Begin at the first line below and copy each line exactly, ending with the line where "Fio de Sutura" appears.

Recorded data
═══
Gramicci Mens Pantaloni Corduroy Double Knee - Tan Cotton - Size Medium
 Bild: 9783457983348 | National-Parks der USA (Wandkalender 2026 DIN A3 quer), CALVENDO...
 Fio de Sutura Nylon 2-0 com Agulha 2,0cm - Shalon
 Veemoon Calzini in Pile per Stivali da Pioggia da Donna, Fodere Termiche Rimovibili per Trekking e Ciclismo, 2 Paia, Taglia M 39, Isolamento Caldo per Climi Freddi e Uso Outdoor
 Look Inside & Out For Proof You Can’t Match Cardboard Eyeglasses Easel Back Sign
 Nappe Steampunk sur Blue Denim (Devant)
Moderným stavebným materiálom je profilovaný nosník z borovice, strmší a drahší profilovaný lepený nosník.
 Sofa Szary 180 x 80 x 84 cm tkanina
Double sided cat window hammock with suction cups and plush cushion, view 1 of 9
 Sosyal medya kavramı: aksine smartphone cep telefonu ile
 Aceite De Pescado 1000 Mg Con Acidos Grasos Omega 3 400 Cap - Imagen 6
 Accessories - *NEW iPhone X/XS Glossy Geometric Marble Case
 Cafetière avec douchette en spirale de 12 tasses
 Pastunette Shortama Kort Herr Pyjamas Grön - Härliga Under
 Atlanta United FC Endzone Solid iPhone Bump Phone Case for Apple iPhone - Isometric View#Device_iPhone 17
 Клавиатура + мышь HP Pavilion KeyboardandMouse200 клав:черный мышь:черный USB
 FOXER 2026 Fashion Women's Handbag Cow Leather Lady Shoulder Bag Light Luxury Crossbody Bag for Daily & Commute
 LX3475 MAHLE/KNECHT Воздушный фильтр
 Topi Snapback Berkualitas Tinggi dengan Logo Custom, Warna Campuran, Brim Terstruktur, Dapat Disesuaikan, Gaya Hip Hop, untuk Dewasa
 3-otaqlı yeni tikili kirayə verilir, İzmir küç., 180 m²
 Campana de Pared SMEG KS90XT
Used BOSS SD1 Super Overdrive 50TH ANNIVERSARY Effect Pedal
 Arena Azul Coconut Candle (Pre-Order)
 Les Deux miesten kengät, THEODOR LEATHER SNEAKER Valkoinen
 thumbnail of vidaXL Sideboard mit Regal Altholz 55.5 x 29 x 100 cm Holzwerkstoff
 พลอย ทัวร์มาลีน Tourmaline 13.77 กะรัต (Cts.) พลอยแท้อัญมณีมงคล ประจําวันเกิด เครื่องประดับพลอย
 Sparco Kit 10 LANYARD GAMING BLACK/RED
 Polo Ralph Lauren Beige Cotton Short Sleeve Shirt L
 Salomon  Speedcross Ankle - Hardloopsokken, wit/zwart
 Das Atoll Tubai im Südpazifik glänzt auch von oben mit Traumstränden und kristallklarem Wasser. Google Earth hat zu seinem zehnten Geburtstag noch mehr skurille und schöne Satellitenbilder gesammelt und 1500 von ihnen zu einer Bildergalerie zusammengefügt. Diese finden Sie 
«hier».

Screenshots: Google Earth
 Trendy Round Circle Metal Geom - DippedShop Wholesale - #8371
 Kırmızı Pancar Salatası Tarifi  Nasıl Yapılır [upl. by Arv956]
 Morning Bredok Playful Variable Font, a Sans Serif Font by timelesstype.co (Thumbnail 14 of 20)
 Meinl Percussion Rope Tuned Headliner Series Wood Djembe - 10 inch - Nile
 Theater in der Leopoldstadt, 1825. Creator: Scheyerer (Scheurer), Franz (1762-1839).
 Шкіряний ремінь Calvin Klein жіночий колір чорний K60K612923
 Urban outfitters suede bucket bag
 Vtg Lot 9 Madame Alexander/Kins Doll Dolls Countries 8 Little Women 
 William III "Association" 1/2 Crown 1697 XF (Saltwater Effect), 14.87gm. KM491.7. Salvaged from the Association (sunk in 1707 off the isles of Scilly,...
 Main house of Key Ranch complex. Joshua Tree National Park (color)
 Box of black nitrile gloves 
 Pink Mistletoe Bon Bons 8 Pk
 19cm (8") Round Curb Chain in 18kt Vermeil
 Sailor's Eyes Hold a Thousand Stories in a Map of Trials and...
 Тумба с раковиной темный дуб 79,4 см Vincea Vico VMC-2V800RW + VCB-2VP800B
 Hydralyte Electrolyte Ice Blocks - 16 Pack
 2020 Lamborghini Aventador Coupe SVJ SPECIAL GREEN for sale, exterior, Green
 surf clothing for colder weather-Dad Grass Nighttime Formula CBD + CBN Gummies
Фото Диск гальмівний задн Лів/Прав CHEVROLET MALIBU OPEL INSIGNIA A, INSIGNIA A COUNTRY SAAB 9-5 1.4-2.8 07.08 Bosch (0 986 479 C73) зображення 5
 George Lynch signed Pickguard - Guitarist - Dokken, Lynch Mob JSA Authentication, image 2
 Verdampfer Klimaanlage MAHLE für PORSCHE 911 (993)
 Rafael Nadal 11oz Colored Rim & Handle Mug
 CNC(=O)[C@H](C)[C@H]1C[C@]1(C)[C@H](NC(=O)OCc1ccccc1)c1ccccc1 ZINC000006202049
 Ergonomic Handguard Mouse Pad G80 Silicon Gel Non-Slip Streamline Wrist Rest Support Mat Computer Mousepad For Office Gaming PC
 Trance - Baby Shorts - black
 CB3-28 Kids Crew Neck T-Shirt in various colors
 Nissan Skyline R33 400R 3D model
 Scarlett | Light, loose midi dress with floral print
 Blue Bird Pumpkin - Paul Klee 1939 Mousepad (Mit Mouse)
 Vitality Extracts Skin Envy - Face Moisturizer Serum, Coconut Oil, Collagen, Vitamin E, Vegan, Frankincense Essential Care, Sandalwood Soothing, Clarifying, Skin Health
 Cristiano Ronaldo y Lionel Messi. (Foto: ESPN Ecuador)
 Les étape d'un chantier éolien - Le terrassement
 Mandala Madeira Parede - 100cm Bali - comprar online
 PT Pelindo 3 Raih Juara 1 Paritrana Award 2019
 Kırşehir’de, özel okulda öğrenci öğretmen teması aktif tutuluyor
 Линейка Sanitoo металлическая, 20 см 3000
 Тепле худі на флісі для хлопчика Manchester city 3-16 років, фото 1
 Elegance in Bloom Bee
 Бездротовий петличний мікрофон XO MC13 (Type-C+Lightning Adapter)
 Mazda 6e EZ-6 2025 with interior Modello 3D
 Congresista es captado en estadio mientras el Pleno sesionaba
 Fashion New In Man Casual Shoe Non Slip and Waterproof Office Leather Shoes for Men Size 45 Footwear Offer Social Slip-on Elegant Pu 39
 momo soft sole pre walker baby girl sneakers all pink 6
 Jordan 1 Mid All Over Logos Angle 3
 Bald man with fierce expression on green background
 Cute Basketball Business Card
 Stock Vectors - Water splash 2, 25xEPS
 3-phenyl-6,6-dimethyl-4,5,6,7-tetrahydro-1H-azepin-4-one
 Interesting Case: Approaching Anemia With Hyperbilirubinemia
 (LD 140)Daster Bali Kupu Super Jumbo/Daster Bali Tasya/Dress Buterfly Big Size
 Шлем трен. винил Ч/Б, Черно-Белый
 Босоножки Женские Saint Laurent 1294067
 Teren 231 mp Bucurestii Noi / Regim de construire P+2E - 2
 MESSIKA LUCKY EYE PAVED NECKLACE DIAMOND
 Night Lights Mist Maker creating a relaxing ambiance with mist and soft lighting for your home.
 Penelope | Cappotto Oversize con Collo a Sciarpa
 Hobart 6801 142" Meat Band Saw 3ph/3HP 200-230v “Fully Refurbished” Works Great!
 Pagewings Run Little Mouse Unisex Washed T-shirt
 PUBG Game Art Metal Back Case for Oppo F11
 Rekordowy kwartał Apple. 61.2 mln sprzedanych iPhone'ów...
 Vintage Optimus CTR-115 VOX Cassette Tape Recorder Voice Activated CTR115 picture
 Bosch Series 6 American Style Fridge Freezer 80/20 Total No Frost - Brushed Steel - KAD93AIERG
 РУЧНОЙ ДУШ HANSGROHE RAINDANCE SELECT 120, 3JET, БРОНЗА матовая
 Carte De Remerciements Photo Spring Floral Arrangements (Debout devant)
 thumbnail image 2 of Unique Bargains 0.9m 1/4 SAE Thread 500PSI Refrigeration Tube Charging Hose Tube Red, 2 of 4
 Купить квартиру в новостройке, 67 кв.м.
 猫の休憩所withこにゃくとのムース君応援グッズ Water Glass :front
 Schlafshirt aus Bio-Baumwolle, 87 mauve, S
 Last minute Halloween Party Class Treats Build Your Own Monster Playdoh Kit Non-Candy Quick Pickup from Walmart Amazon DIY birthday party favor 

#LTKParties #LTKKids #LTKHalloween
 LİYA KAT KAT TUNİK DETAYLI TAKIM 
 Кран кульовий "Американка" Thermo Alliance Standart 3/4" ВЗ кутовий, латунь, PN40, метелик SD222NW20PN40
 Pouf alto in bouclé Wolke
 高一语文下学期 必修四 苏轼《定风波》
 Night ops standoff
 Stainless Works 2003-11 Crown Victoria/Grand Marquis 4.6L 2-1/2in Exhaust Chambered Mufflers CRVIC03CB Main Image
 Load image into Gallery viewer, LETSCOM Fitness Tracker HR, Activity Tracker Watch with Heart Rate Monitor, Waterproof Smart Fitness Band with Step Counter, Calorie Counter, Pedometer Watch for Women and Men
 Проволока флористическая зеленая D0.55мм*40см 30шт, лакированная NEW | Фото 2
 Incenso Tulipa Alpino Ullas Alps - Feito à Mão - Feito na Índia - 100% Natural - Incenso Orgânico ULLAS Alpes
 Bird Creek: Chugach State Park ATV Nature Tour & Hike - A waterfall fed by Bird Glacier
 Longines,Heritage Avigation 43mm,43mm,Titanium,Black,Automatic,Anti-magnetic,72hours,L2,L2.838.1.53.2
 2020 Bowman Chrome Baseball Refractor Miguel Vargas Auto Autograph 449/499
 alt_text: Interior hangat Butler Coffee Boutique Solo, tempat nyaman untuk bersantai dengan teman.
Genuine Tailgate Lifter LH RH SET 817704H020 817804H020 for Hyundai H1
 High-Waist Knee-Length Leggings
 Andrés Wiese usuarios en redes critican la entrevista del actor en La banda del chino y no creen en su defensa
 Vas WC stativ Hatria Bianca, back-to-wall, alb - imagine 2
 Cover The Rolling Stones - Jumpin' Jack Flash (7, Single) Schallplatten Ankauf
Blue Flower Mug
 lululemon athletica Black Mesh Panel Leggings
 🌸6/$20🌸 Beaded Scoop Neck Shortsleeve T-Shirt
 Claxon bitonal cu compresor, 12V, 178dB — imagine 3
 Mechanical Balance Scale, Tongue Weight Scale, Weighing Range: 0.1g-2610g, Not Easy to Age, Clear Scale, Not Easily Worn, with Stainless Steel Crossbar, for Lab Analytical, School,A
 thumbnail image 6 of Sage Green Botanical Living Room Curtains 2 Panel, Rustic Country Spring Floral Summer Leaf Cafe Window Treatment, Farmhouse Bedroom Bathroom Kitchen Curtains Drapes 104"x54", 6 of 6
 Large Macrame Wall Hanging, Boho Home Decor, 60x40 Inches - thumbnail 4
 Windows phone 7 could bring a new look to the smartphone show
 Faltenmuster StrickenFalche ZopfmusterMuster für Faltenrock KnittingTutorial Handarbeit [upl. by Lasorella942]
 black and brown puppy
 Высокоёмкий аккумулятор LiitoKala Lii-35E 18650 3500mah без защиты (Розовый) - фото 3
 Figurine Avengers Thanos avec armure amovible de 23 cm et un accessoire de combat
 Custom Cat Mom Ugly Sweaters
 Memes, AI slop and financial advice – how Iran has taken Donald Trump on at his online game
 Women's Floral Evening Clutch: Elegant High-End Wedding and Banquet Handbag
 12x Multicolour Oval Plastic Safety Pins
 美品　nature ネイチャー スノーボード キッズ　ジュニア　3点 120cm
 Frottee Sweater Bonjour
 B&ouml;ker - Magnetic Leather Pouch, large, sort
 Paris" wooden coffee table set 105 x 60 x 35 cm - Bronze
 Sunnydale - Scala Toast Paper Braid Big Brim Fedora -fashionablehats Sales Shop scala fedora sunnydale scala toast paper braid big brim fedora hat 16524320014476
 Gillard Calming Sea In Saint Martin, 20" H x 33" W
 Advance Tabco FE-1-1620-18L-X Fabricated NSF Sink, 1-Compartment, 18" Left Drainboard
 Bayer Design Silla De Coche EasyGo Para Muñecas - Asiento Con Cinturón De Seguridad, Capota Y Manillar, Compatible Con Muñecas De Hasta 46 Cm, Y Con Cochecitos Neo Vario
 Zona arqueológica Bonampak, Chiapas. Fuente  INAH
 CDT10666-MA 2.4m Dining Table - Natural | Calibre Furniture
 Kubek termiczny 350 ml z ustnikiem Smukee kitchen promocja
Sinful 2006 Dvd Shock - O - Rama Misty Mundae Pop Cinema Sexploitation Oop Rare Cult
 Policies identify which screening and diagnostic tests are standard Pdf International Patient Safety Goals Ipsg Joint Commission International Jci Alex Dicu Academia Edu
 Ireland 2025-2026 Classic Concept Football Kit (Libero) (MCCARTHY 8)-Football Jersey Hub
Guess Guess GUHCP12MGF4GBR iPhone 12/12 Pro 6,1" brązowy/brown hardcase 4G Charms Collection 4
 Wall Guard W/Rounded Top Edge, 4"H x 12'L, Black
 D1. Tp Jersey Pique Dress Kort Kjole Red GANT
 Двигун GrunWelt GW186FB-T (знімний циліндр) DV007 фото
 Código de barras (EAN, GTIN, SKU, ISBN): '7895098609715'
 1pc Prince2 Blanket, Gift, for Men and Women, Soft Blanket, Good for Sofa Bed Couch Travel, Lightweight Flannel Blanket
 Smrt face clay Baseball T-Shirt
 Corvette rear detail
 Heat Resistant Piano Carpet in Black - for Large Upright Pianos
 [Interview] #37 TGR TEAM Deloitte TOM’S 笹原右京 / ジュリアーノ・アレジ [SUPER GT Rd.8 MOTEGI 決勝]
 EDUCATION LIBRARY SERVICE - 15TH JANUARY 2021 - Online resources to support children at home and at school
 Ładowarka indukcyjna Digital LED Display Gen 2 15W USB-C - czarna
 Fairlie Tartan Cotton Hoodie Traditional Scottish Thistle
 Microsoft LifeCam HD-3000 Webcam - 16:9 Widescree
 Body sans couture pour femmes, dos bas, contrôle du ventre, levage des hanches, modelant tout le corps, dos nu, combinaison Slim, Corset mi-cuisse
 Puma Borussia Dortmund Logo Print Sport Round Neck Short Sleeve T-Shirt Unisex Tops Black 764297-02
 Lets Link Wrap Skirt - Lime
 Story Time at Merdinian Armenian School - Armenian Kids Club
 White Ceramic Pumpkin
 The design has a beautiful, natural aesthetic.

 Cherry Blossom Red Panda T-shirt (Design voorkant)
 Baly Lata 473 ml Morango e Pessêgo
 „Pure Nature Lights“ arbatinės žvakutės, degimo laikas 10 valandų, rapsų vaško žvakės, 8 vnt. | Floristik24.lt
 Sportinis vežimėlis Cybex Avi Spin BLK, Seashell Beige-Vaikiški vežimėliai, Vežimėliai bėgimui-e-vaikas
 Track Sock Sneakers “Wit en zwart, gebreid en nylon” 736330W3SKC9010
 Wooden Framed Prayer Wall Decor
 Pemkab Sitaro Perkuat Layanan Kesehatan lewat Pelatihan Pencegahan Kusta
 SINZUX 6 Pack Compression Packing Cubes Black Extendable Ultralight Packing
═══
SOLUTION FOR THIS TASK:
Gramicci Mens Pantaloni Corduroy Double Knee - Tan Cotton - Size Medium
 Bild: 9783457983348 | National-Parks der USA (Wandkalender 2026 DIN A3 quer), CALVENDO...
 Fio de Sutura Nylon 2-0 com Agulha 2,0cm - Shalon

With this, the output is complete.